Menurut analis StoneX Alex Hodes, dikutip Reuters, Selasa (20/5), jika sanksi terhadap Iran dilonggarkan, negara itu berpotensi menambah ekspor minyak sebanyak 300.000 hingga 400.000 barel per hari.

Sepanjang 2024, Iran menjadi produsen minyak mentah terbesar ketiga di OPEC, setelah Arab Saudi dan Irak, berdasarkan data badan energi federal AS.

Sementara itu, Uni Eropa dan Inggris memberlakukan sanksi baru terhadap Rusia tanpa menunggu langkah serupa dari AS. Langkah ini menyusul pembicaraan antara Presiden AS Donald Trump dan Presiden Vladimir Putin yang gagal menghasilkan janji gencatan senjata di Ukraina.

Ukraina mendesak negara-negara G7 untuk menurunkan batas harga minyak Rusia yang diangkut lewat laut menjadi USD30 per barel, dari batas saat ini sebesar USD60.

"Perdamaian dalam waktu dekat antara Rusia dan Ukraina tampaknya belum mungkin terwujud.
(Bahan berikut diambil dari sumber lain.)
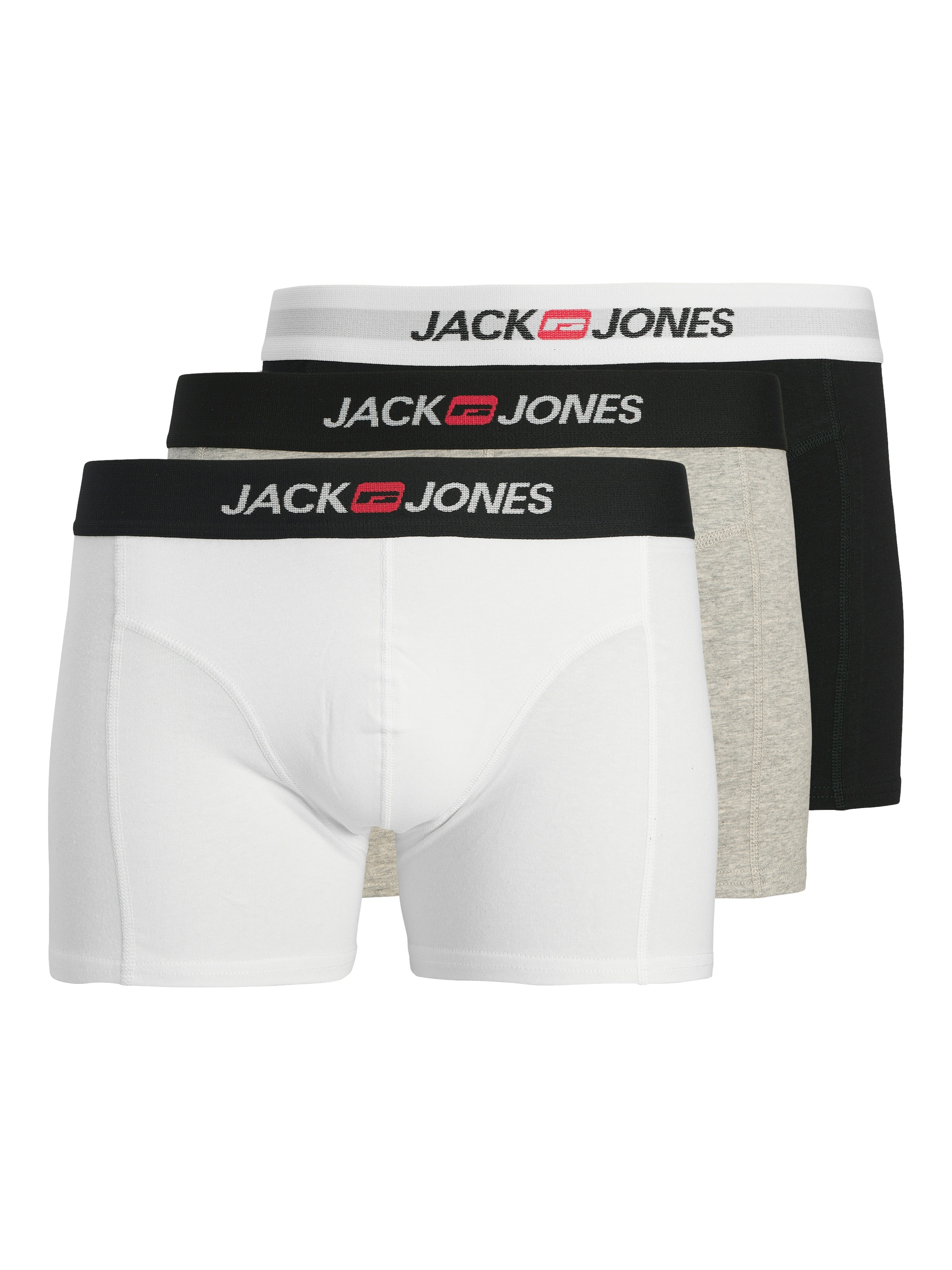 Jack & Jones Trunk »JACOLD – Boxershorts mit farbigem Bund im 6er-Pack«, (Packung, 6 St.), Druck, modisch, regular fit, Jersey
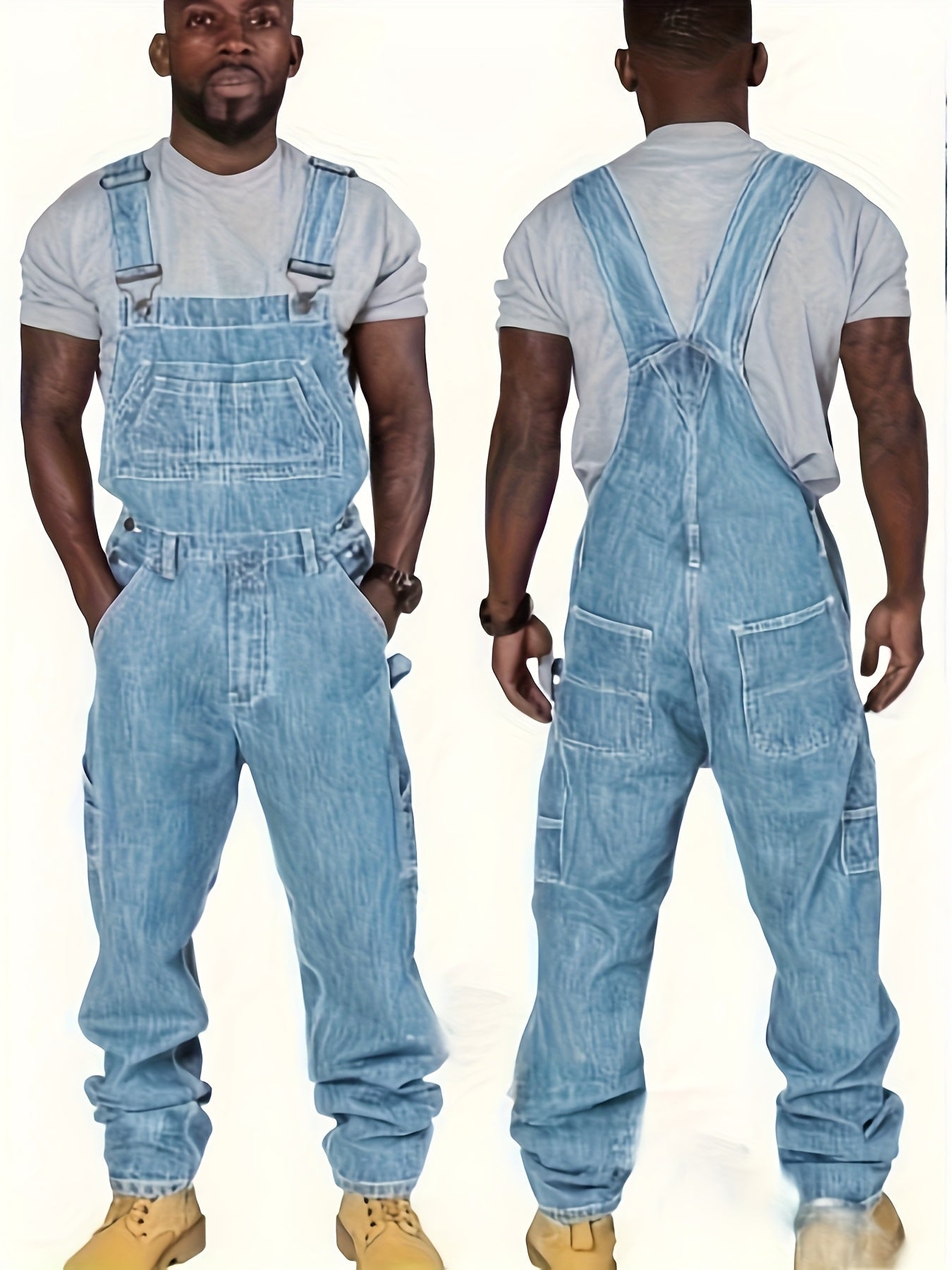Men's Utility Jumpsuit - Multi-Pocket Denim – view 8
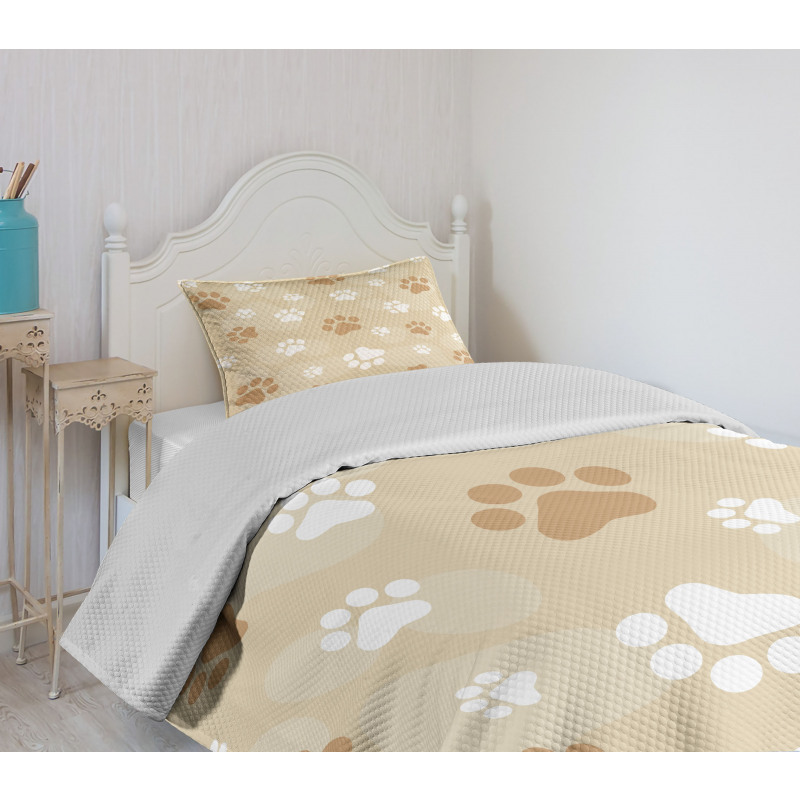 Baby Dog Pet Paws Bedspread Set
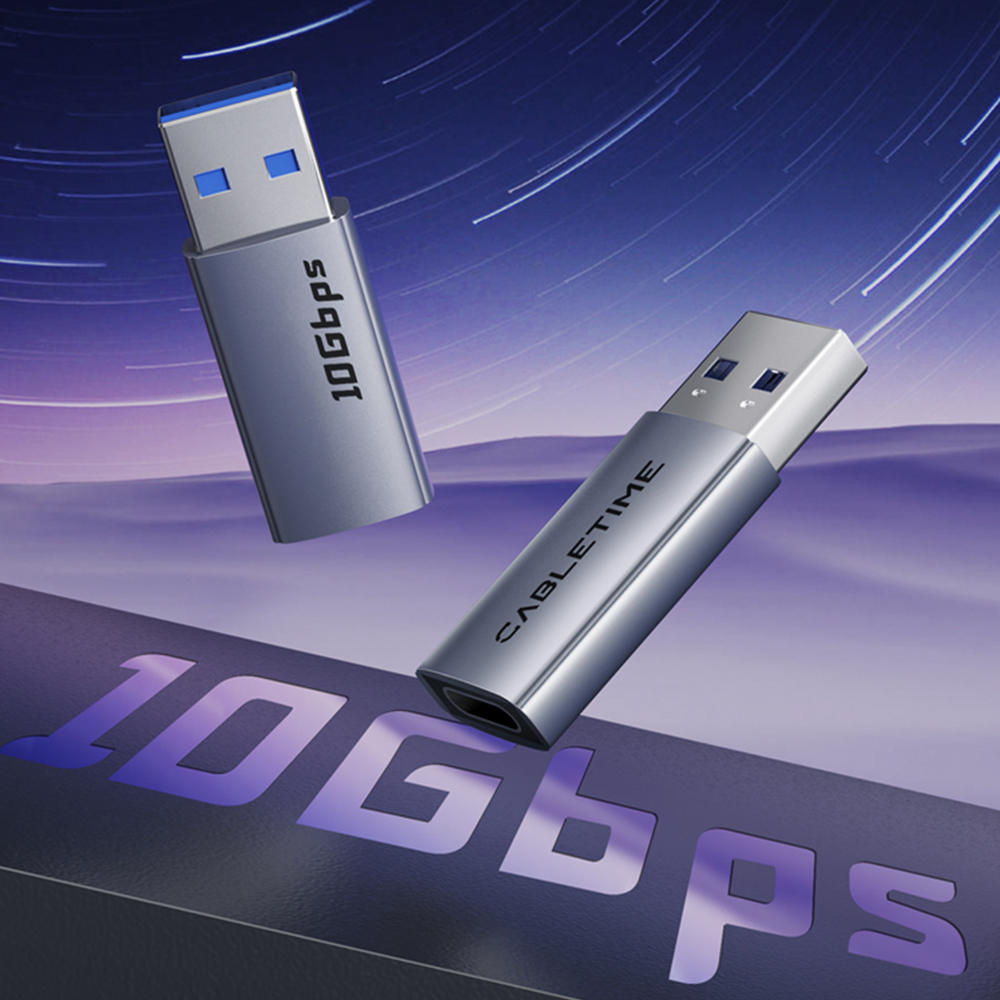 케이블타임 10Gbps USB3.2 A to C타입 젠더 AW3410 칩셋, CP80G - 상세 이미지 4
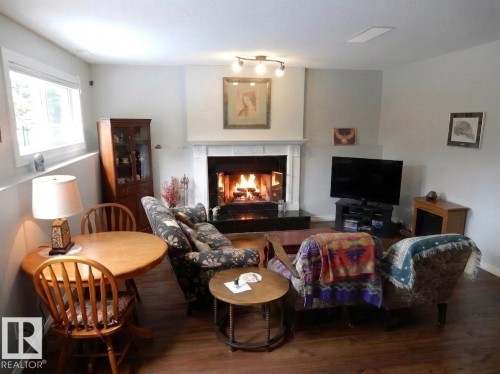 17824 93 Street Nw, Edmonton, AB - Indoor Photo Showing Living Room With Fireplace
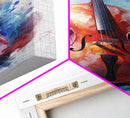 Galaxy Cello Studio Decor Gift, Banjo Wall Art Canvas Print, Stringed Instruments, Cello Art, Banjo Poster Print, Cello Gifts, Musical Art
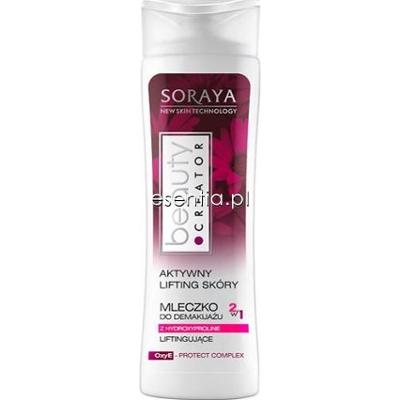 Soraya Beauty Creator Aktywny Lifting Skóry 40+ Liftingujące mleczko do demakijażu z Hydroxyproline 2 w 1  200 ml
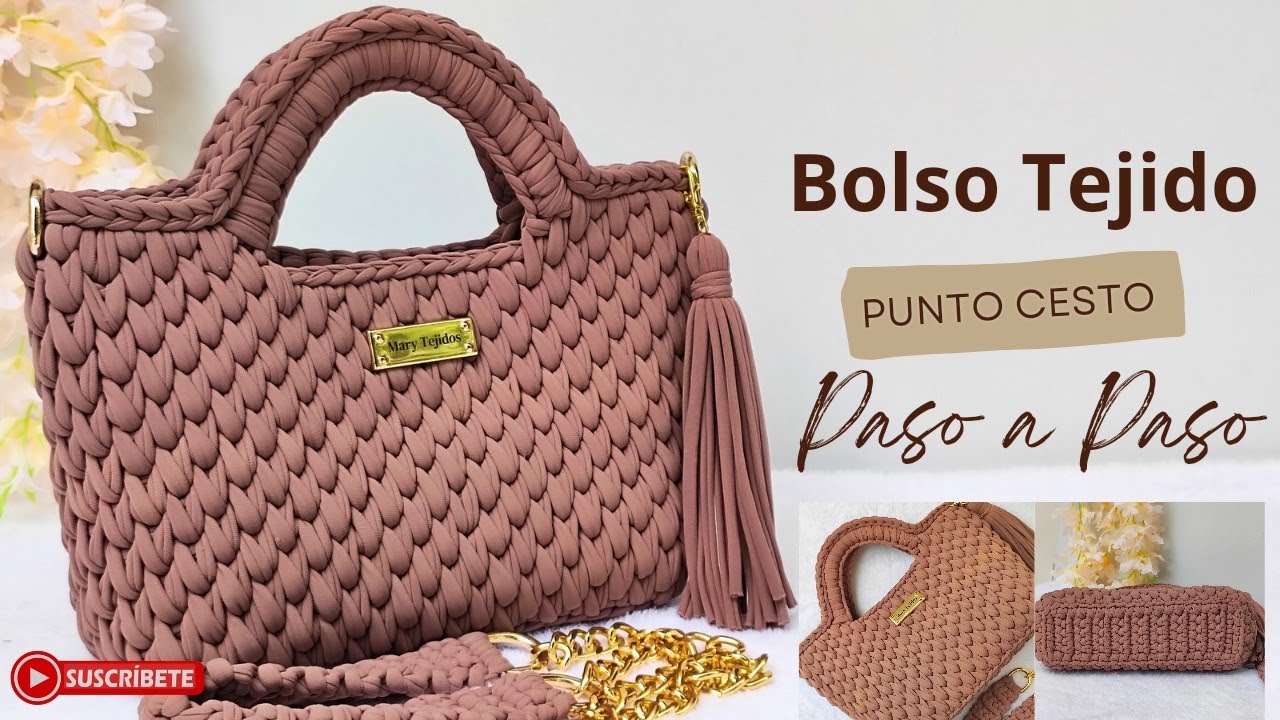 Тканая сумка | Тип корзины/ с точкой корзины/ шаг за шагом | для начинающих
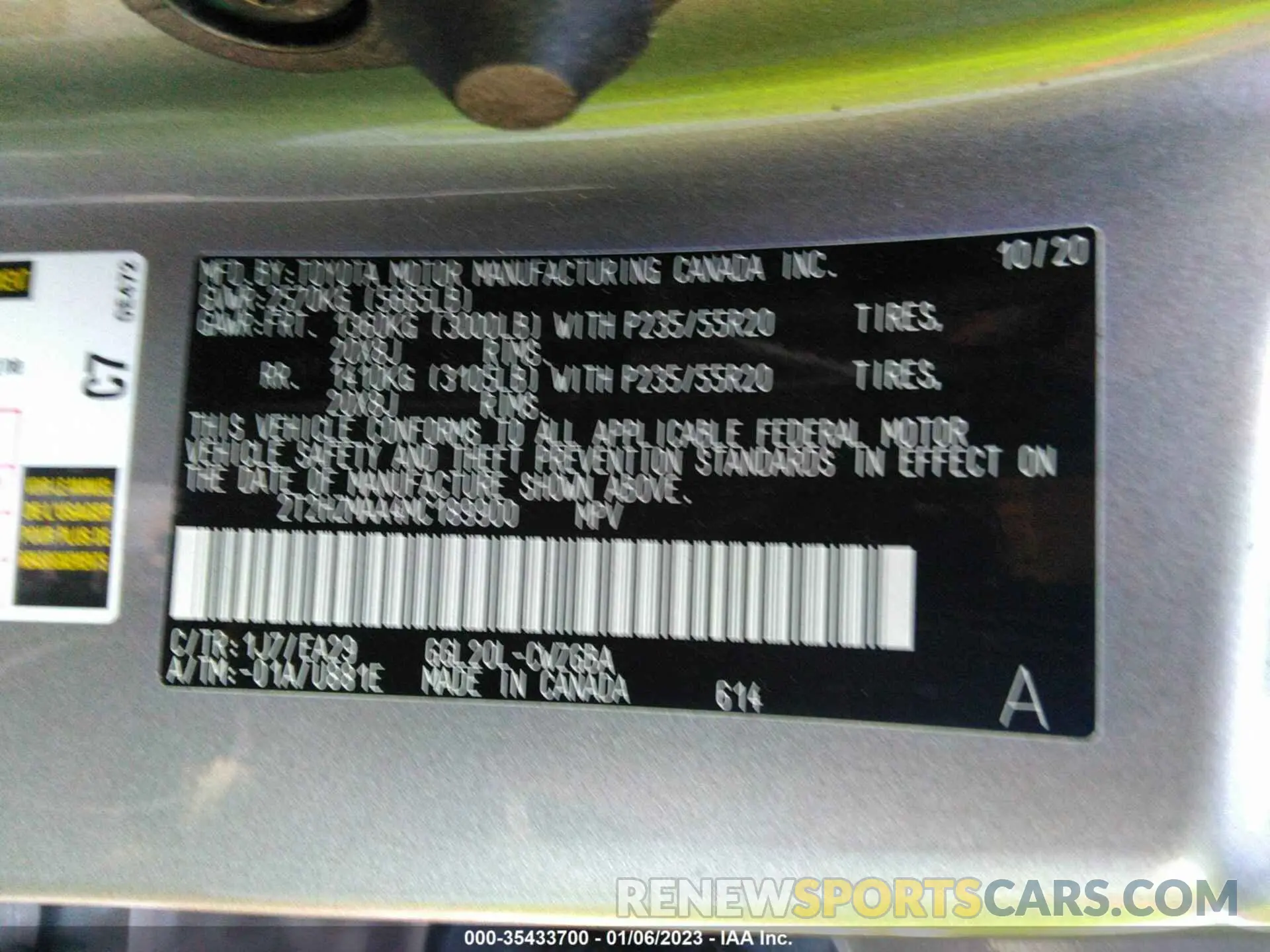 9 fotografías del automóvil dañado 2T2HZMAA4MC189900 LEXUS RX 2021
Meski potensi ekspor minyak Rusia bisa meningkat, dampaknya masih jauh dan tidak pasti karena Rusia masih terikat komitmen dengan OPEC+," ujar Kepala Analis Komoditas SEB, Bjarne Schieldrop.

Rusia yang tergabung dalam OPEC+ merupakan produsen minyak mentah terbesar kedua di dunia setelah AS pada 2024.

Setidaknya tujuh pejabat Federal Reserve (The Fed) dijadwalkan menyampaikan pandangan mereka pada Selasa. Para pelaku pasar kini memperkirakan bank sentral AS memangkas suku bunga dua kali masing-masing sebesar 25 basis poin pada 2025, dengan pemangkasan pertama diperkirakan terjadi pada September, menurut data LSEG.

Bank sentral seperti The Fed menggunakan suku bunga untuk mengendalikan inflasi. Suku bunga yang lebih rendah cenderung mendorong pertumbuhan ekonomi dan permintaan energi karena biaya pinjaman konsumen menjadi lebih ringan.

Di China, data terbaru yang menunjukkan perlambatan output industri dan pertumbuhan penjualan ritel menambah tekanan bagi harga minyak, karena analis memperkirakan permintaan bahan bakar dari negara itu melambat.

Namun, analisis tersebut belum memperhitungkan jeda tarif selama 90 hari antara AS dan China. Goldman Sachs mencatat adanya peningkatan arus perdagangan China pada akhir Senin.

Data stok minyak AS dari American Petroleum Institute (API) dan Energy Information Administration (EIA) dijadwalkan dirilis Selasa dan Rabu. Analis memperkirakan persediaan minyak mentah AS turun sekitar 1,2 juta barel selama sepekan yang berakhir 16 Mei.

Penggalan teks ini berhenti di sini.